We got our gear together, bought some beers and followed her in her car down to her house by the lake. It was a bit further than we had envisioned, but it was right on the lake as she had said, and she had a massive expanse of lawn running right down to the water’s edge. It was amazing. Serendipity had stepped in once again. There we were one minute, looking as though we’d rough camp somewhere off the side of the road tonight, then the next minute, here we are with a gorgeous view by the lake’s edge enjoying a beer in the well-placed deck chairs.
Once we unpacked, Becky called her father, Frank, to come down and meet us. Frank was getting on but was a genius at constructing things. He’d made a few of his own planes in his time and had taught Becky how to fly them. Wow! these people were so interesting. When Becky suggested we go and see her Tiny House in the woods, we figured it must be pretty good. All thoughts about her being an axe murderer were put aside and we were keen to see what she had constructed.

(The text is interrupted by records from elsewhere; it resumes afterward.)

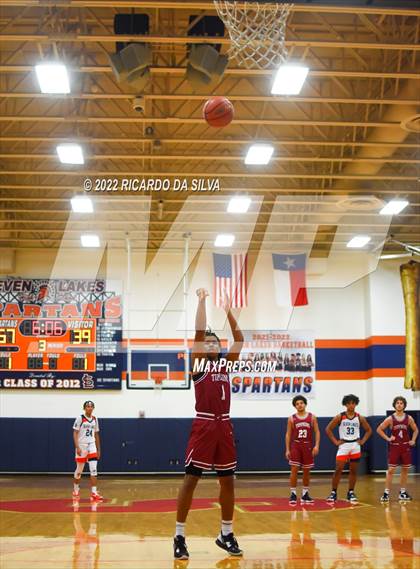 Thumbnail 1 in Seven Lakes vs Tompkins photogallery.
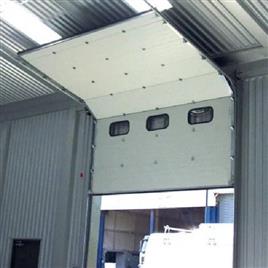 Sectional Overhead Door 2, Operated By: Remote and Button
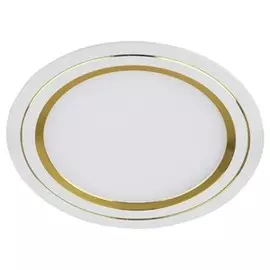 Точечный встраиваемый светодиодный светильник ЭРА KL LED 11-7 GD Б0020577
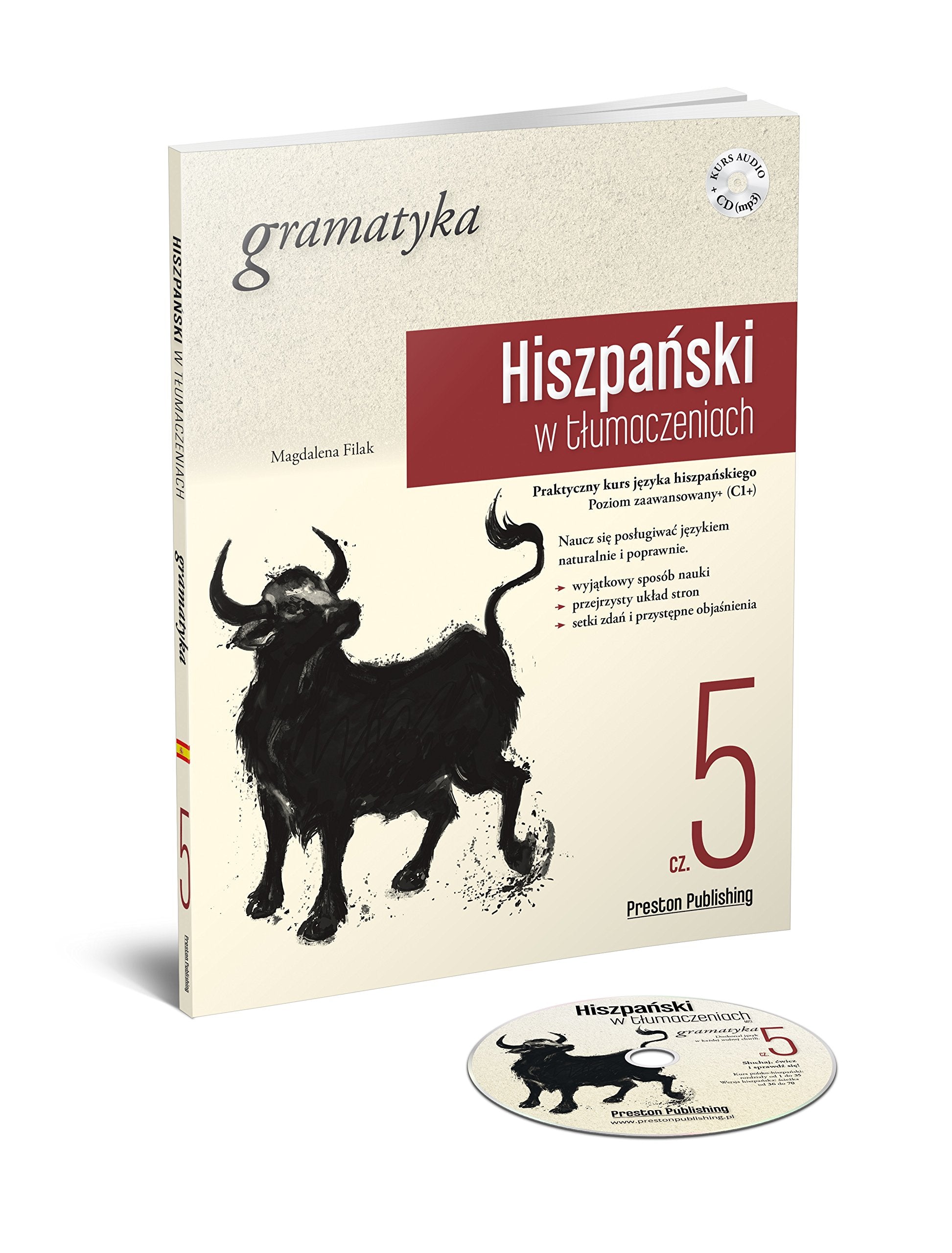 Hiszpanski w tlumaczeniach Gramatyka 5 book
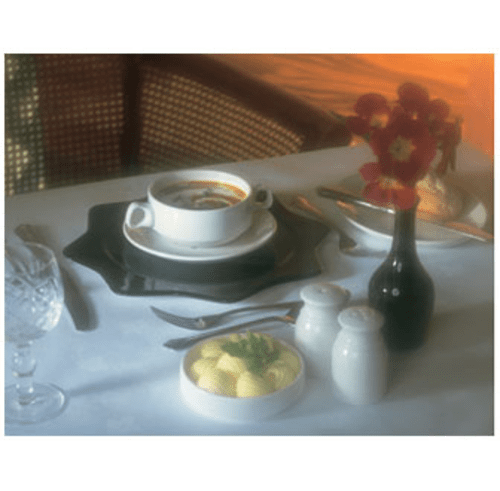 Steelite International Canada Limited Dinnerware Dozen Steelite 11010212 Performance Simplicity 8" Slimline Plate | Denson CFE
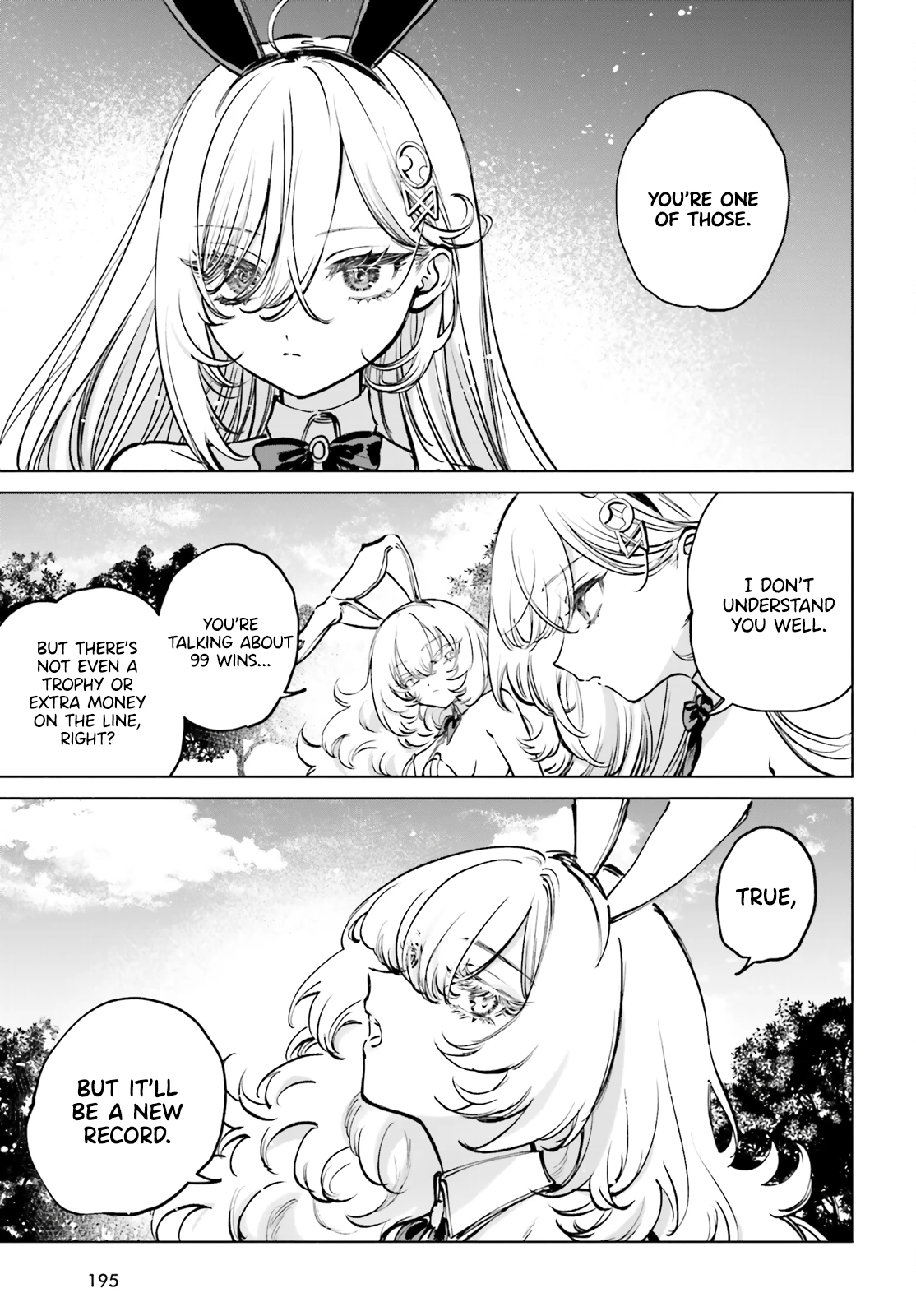 Read The Phantom Girl in Games of Death Manga Online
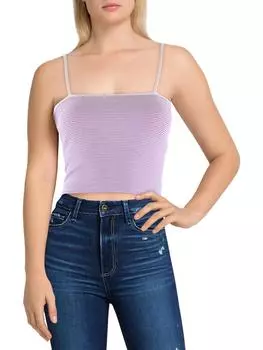 Женская укороченная майка в полоску Levi's, цвет dahlia willowherb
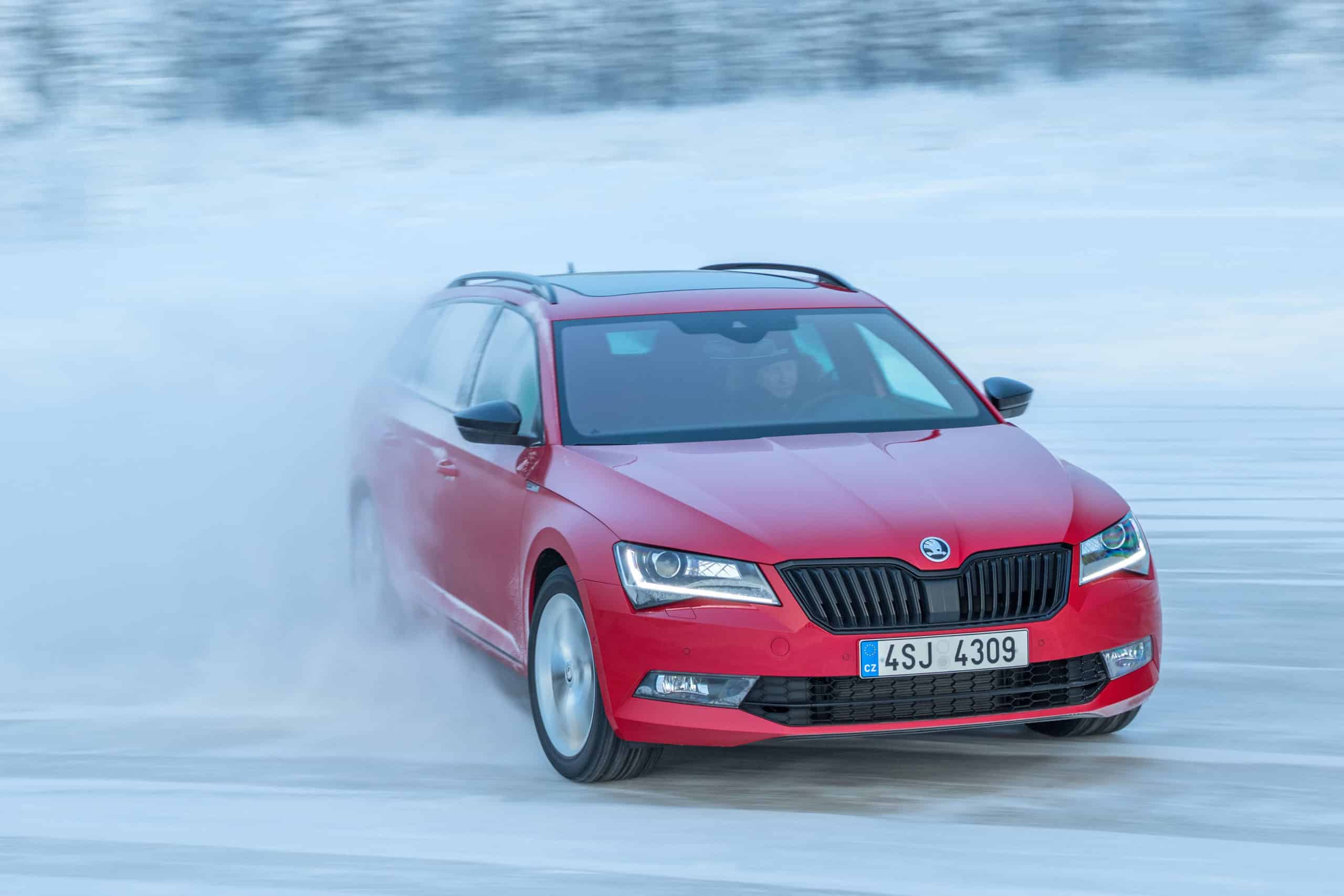 Skoda Superb Kombi Sport Line 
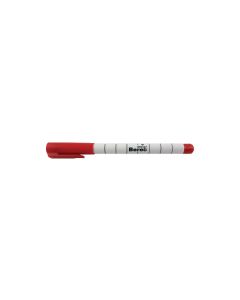 Berec Whiteboard-Marker Schmal Rot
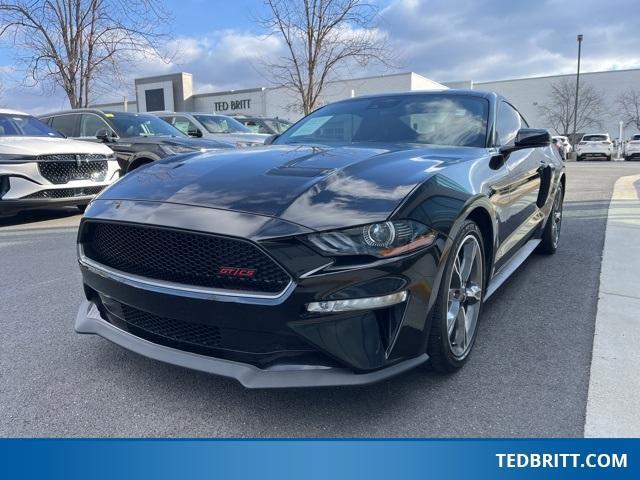 used 2023 Ford Mustang car, priced at $38,500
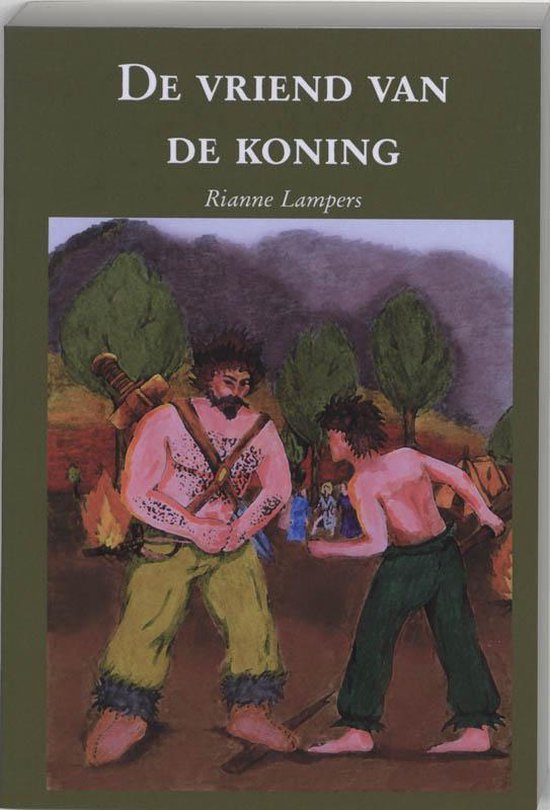 Cover van het boek 'De vriend van de koning'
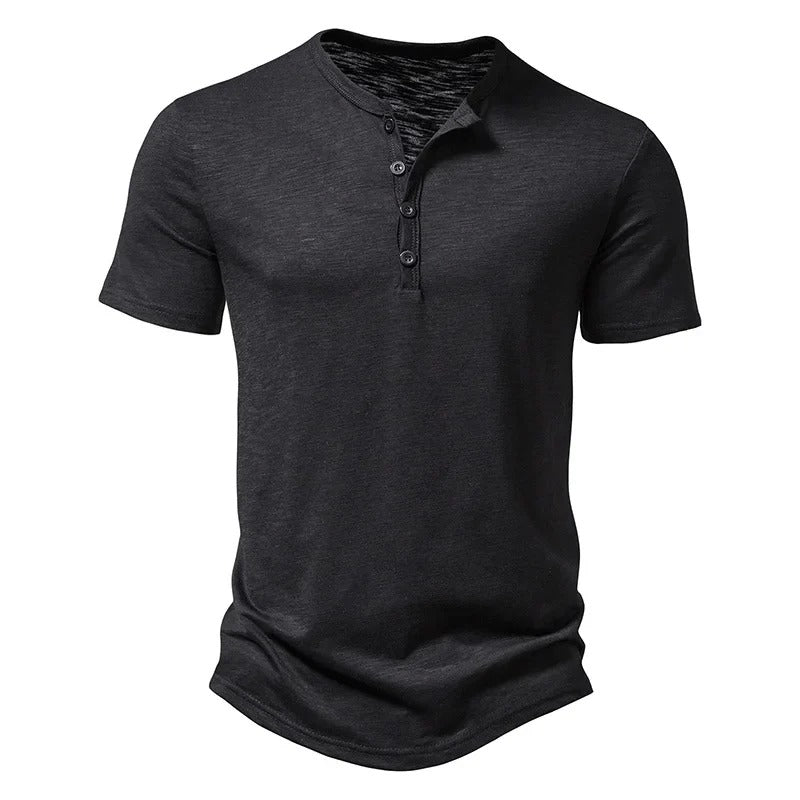 Polo Homme Grand Taille Manches Courtes Été - LuxeStyle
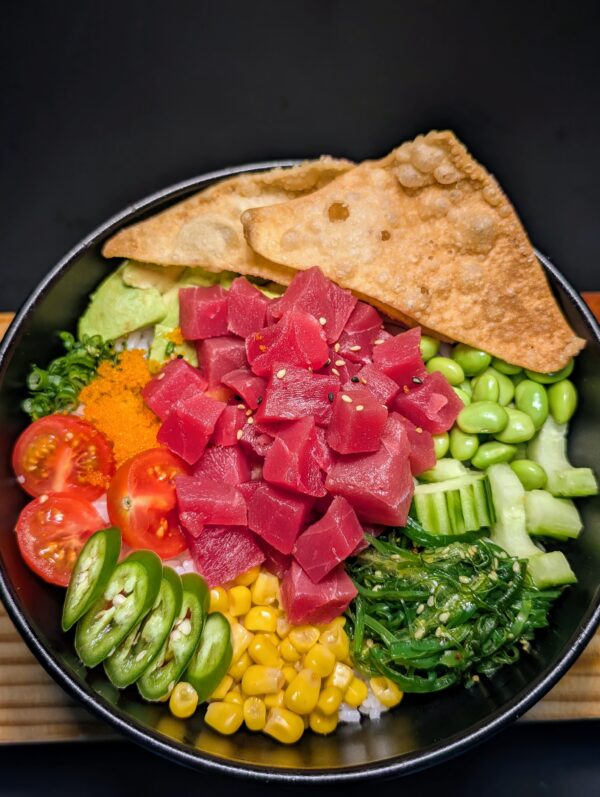 Tuna Poke Bowl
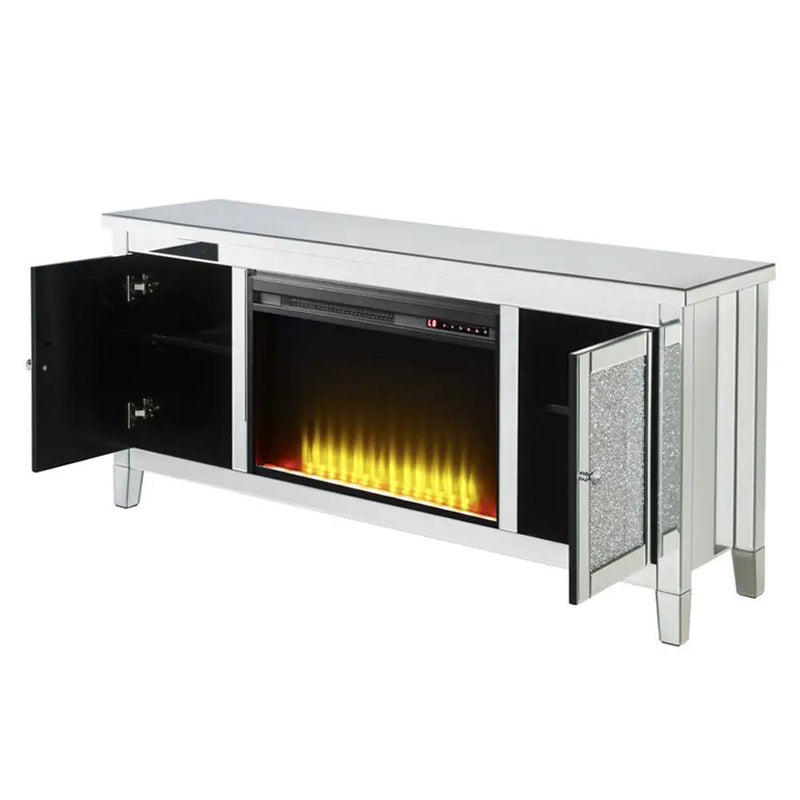Noralie - TV Stand w/Fireplace by Unique Piece Furniture
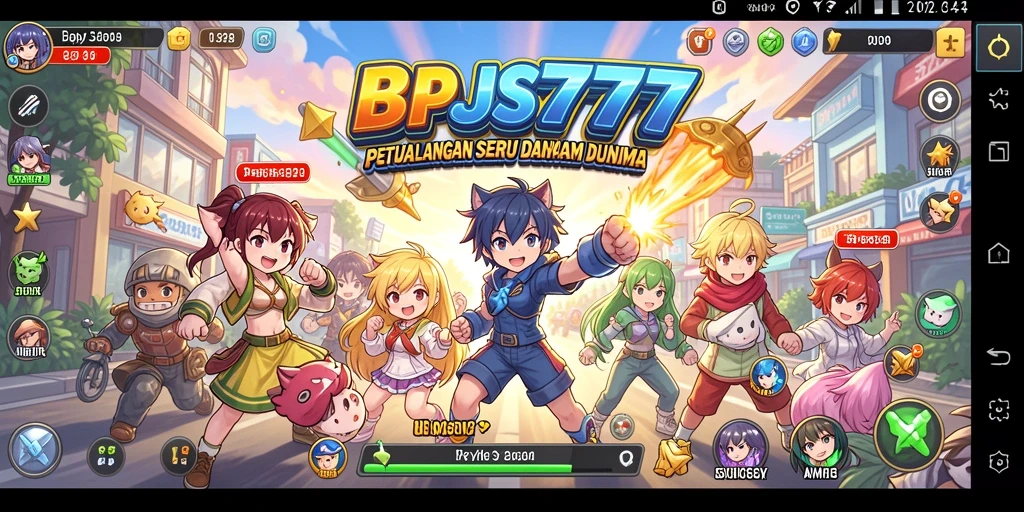 Tangkapan layar BPJS777 menampilkan aksi seru dan grafis yang menakjubkan.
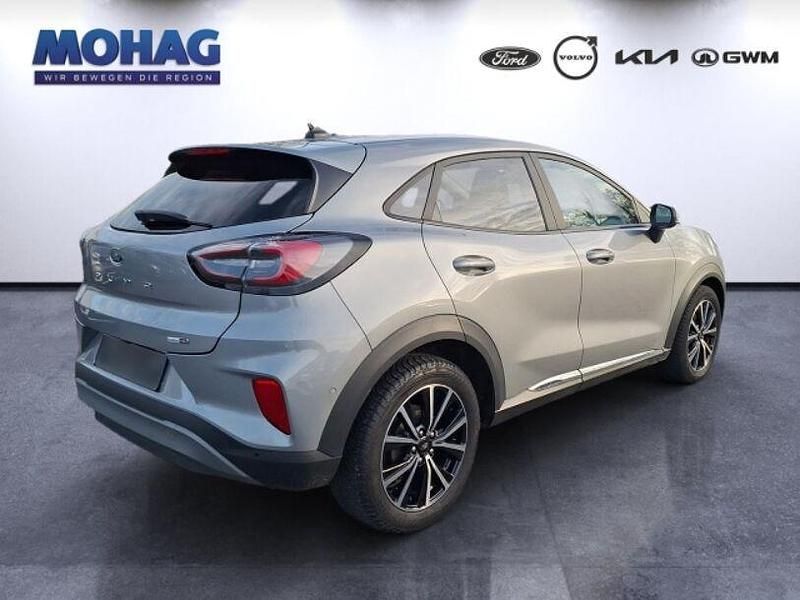 Gebraucht Ford Puma Titanium 125 PS (91 kW) 2022 Grau SUV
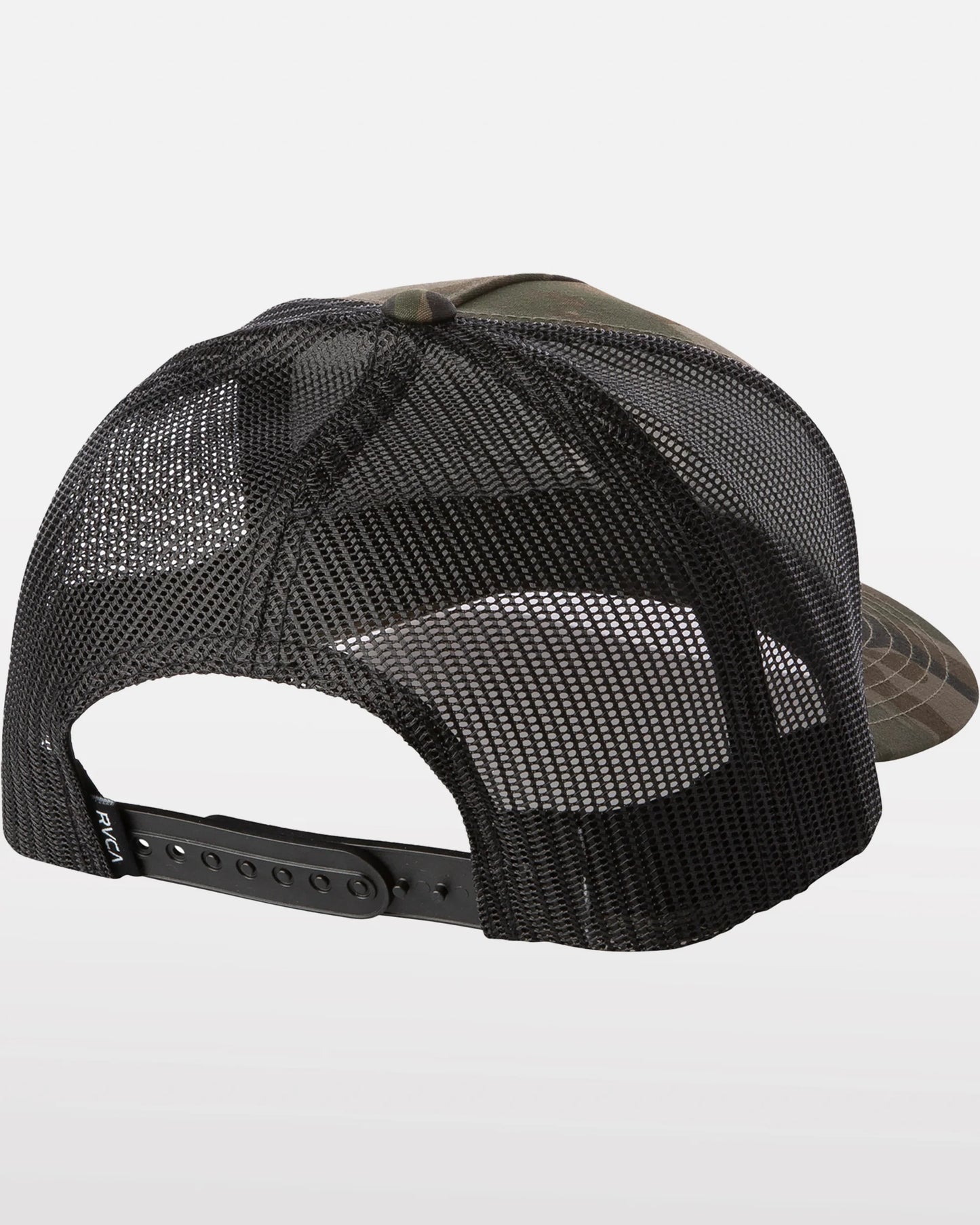 RVCA VA All The Way Curved Brim Trucker Hat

With Dan in tow, and a beer each, we drove up to the nearby forest on the edge of a landing strip. The whole area was owned by a local who Becky did work for and he let her put her Tiny House on it. The house itself was no bigger than a freight container and had wheels and axles so it could be moved. But Becky has no intention of moving it any time soon. It had been placed right amongst the trees and near to the edge of the airstrip. You wouldn’t see it from the road, but it was placed so one end had a view out over the airstrip to the lake.
Inside had everything you would need to stay for a few days (or even longer). She had a small library so herself and her nieces could read when they visited. She even had a craft corner where they could keep themselves amused on their visits. A portaloo and a water tank meant she could stay overnight and she used white fuel for cooking and lighting.
What an amazingly resourceful lady! We feel very lucky to get to meet some very special people on our travels, and, like Becky, the more special they are, the more unassuming they are. We now understand how the German boys must have felt, and we too will be keeping in contact with this unique lady.